R/find_beta.R

Defines functions find_normal find_cauchy find_beta2 betaprior find_beta

Documented in find_beta find_beta2 find_cauchy find_normal

#' @title Determining distribution parameters
#' @name find_beta
#'
#' @description \code{find_beta()}, \code{find_normal()} and \code{find_cauchy()} find the
#'              shape, mean and standard deviation resp. the location and scale parameters
#'              to describe the beta, normal or cauchy distribution, based on two
#'              percentiles. \code{find_beta2()} finds the shape parameters for a Beta
#'              distribution, based on a probability value and its standard error
#'              or confidence intervals.
#'
#' @param x1 Value for the first percentile.
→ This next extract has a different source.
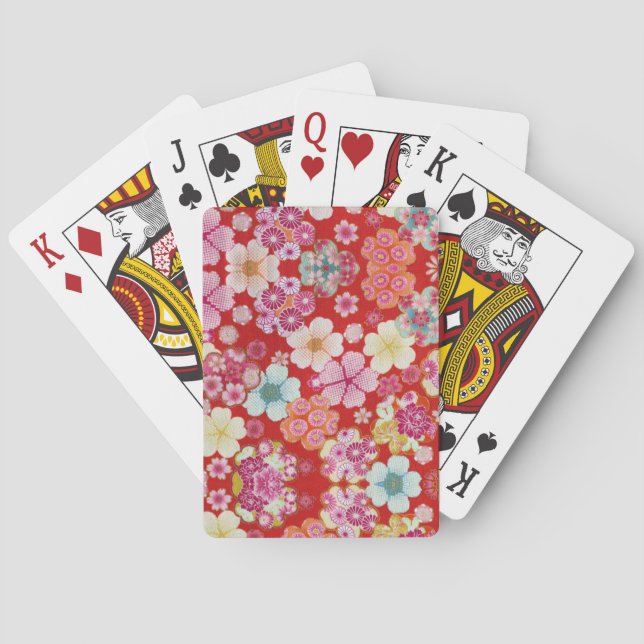 Jeu De Cartes Falln Crimson Floral Chirimen (dos)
#' @param p1 Probability of the first percentile.
#' @param x2 Value for the second percentile.
#' @param p2 Probability of the second percentile.
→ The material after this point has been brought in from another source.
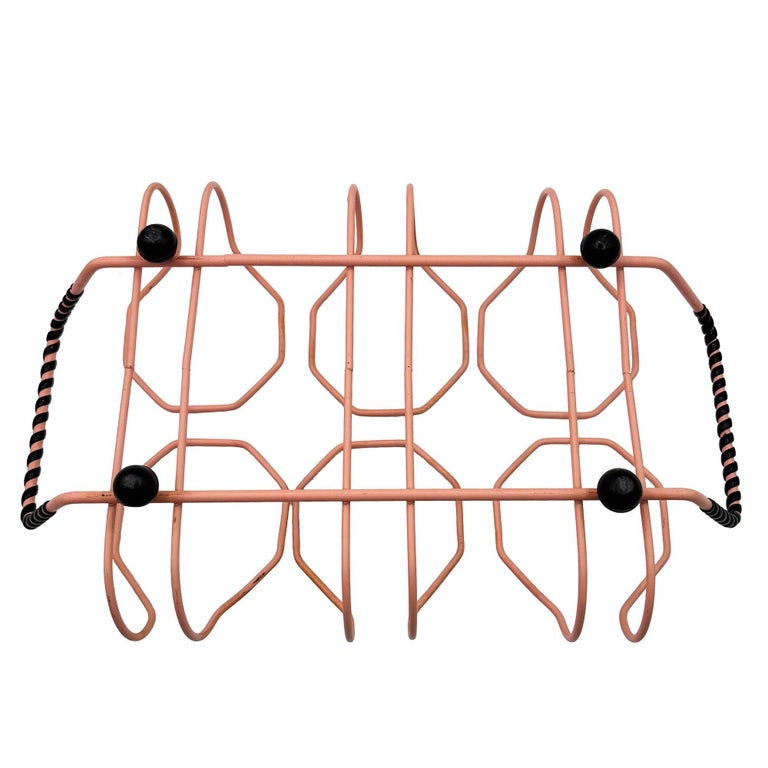 Mid-Century Pink Wire Frame Drinks Tray w/ Six Highball Flamingo Glasses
#' @param x Numeric, a probability value between 0 and 1. Typically indicates
#'          a prevalence rate of an outcome of interest; Or an integer value
#'          with the number of observed events. In this case, specify \code{n}
#'          to indicate the toral number of observations.
#' @param se The standard error of \code{x}. Either \code{se} or \code{ci} must
#'          be specified.
#' @param ci The upper limit of the confidence interval of \code{x}. Either
#'          \code{se} or \code{ci} must be specified.
#' @param n Numeric, number of total observations. Needs to be specified, if
#'          \code{x} is an integer (number of observed events), and no
#'          probability. See 'Examples'.
#'
#' @return A list of length two, with the two distribution parameters than can
#'         be used to define the distribution, which (best) describes
#'         the shape for the given input parameters.
#'
#' @details These functions can be used to find parameter for various distributions,
#'          to define prior probabilities for Bayesian analyses. \code{x1},
#'          \code{p1}, \code{x2} and \code{p2} are parameters that describe two
#'          quantiles. Given this knowledge, the distribution parameters are
#'          returned. \cr \cr
#'          Use \code{find_beta2()}, if the known parameters are, e.g. a prevalence
#'          rate or similar probability, and its standard deviation or confidence
#'          interval. In this case. \code{x} should be a probability,
#'          for example a prevalence rate of a certain event. \code{se} then
#'          needs to be the standard error for this probability. Alternatively,
#'          \code{ci} can be specified, which should indicate the upper limit
#'          of the confidence interval od the probability (prevalence rate) \code{x}.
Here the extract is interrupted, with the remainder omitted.